Sanatçının eserlerindeki bir diğer önemli özellik ise, kullanılan malzemelerin her birinin eserle bütünleşmiş anlamlar taşımasıdır. Zonguldak maden işçilerini konu alan desenlerinde tercih ettiği tükenmez kalem, yalnızca estetik bir seçim değil, aynı zamanda işçilerin zorlu çalışma koşullarına dair güçlü bir metafor olarak öne çıkıyor. Maden ocaklarının karanlık derinliklerinde, kömür tozunun her yere sinmiş olduğu bu dünyada, geleneksel bir çizim malzemesi olan kurşun kalemin iz bırakması neredeyse imkânsız hale geliyor. Bu nedenle tükenmez kalem, Akbaş’ın eserleri için hem işlevsel hem de simgesel bir araç haline geliyor. Kalemin zorunlu bir seçim olarak öne çıkması, aynı zamanda maden işçilerinin zorlu yaşam koşullarını ve ellerindeki sınırlı imkânlarla verdikleri mücadeleyi temsil ediyor.

Bu desenler, yalnızca maden işçilerinin fiziksel dünyasını değil, onların ruh hallerini, zihinlerindeki karanlık ve ışık arasındaki mücadeleyi de yansıtıyor. Her bir çizgi, sanatçının gözlemlerinin ve belleğinin birleşimiyle, işçilerin gündelik yaşamlarının bir tasviri olmaktan çıkıp, evrensel bir direnişin ve insan onurunun sembolüne dönüşüyor. Zonguldak’ta yeraltı tünellerinde çalışan işçilerin gerçekliği, Akbaş’ın çizgilerinde bir ruhsal sembol olarak yeniden hayat buluyor.

Sergi, Akbaş’ın yaratıcı sürecini anlamak için eşsiz bir pencere sunuyor. Sanatçı, resimlerini bir yolculuk olarak tanımlıyor ve bu yolculuğun her aşamasında karşılaştığı sürprizlere açık bir şekilde ilerliyor. Eskizden tamamlanmış bir tabloya kadar geçen süreyi bir “mutfak” olarak betimleyen Akbaş, bu yaratım sürecinin her detayını görünür kılmayı önemli buluyor. Her bir çizginin, sanatçının belleği ile doğrudan bir bağ kurduğu ve o anki pratiğin bir dışavurumu olduğu bu süreç, sanatçının eserlerinde bir bütünlüğe ulaşarak izleyiciye sunuluyor.

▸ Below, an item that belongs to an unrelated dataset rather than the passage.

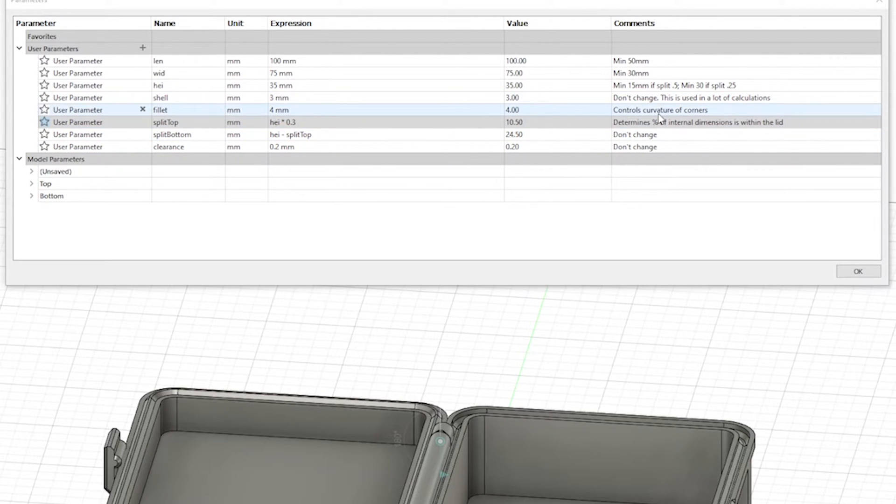Now, we also want to take note of the fillet size, which in this case is 4mm. We're going to need that later.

Bu sergi, Akbaş’ın sanatında sokak yaşamının, belleğin ve bireysel deneyimin nasıl iç içe geçtiğini anlamak için eşsiz bir fırsat sunuyor. Onun sanatında sokak, yalnızca bir ilham kaynağı değil, aynı zamanda sanatçının sanatsal kimliğini inşa ettiği bir alan olarak öne çıkıyor. Bu durum, Akbaş’ın eserlerinde, sokaktan tuvale taşınan bir “uçtan uca” yolculuk hissini güçlendiriyor. Sergide yer alan eserler, sanatçının geçmişten günümüze uzanan bireysel serüveninin birer yansıması olarak izleyiciye sunuluyor.

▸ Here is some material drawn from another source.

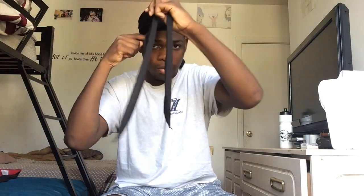Then tie it behind like so. You tie your durag from behind and then you go back to the front. Where your eyebrow part is right here — that's where you should be tying it. As you can see, I'm tying it right where my eyebrow is.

Onay Akbaş’ın eserleri, yalnızca görsel olarak etkileyici değil, aynı zamanda sanata dair daha derin bir anlam taşıyor. Onun için resim, bir fikir ya da bir duygunun doğrudan temsilinden çok, bellekle kurulan bir bağ ve geçmişle bugün arasında kurulan bir köprü niteliği taşıyor. Sanatçı, her eserinde bu bağlantıyı sorgularken, izleyiciyi de kendi geçmişine ve deneyimlerine dair bir yolculuğa davet ediyor. Ordu Büyükşehir Belediyesi’nin katkılarıyla düzenlenen bu sergi, sanatseverler için Akbaş’ın sanatsal evrenine bir yolculuk yapma imkânı sunuyor. Sanatçının hem yaratıcı sürecine hem de bireysel hikâyesine tanıklık etmek isteyenler, bu eşsiz sergiyi 22 Şubat 2025’e kadar ziyaret edebilir.